Veja transcrição integral do áudio

"A gente não tem culpa de nada. E aqui, professora, eu vou falar uma coisa que talvez muita gente não goste. Mas é o seguinte: eu não acho que nós tenhamos dívida nenhuma com quilombolas. Nenhum de nós aqui tem navio negreiro. Nenhum de nós aqui, se você for ver sua família há 200 anos atrás (sic), tenho certeza que nenhum de nós trouxe um navio cheio de pessoas da África para ser escravizadas aqui. E não esqueçam, vocês devem ter estudado História, que esse problema da escravidão aqui no Brasil foi porque o índio não gosta de trabalhar, até hoje. O índio preferia morrer do que cavar mina, do que plantar pros portugueses. O índio preferia morrer. Foi por causa disso que eles foram buscar pessoas nas tribos na África, para vir substituir a mão de obra do índio.

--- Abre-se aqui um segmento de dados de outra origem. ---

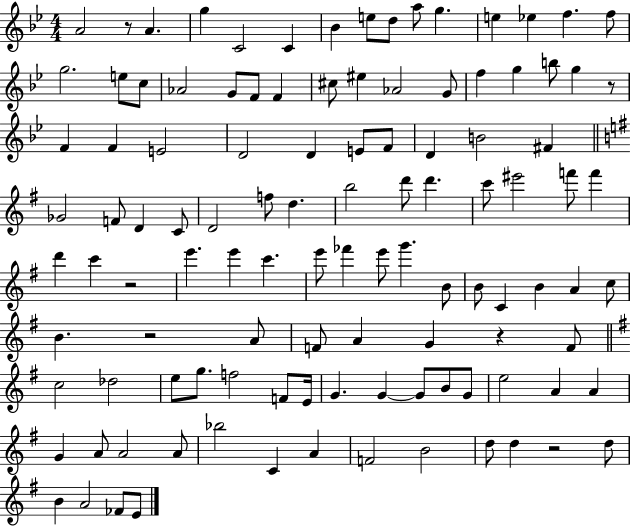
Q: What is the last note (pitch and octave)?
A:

Isso tem que ficar claro, ora! Me desculpa você aí, mas se na minha família não tem nenhuma pessoa que tenha ido buscar um navio negreiro lá na África, como é que eu vou ter dívida com negócio de zumbi, esse pessoal. Agora tem que dar estrutura para todo mundo, tem que dar terra pra todo mundo, mas é porque é brasileiro, só isso. É o que eu disse ainda agora, todos são iguais em direitos e deveres, homens e mulheres. Você escolhe o que você quiser ser, não estou nem aí. Mas todos são iguais, todos, todos, todos, absolutamente todos. Não precisa ser gay, ser negro, ser índio, ser amarelo, ser azul para ser destinatário de alguma política pública. Isso tá errado. O que tem que haver, meus amores, é respeito mútuo. Eu lhe respeito, você me respeita, acabou a história. O resto é papo furado. Isso tudo só faz travar a sociedade e eu tô dizendo isso porque eu sei o que rola lá dentro."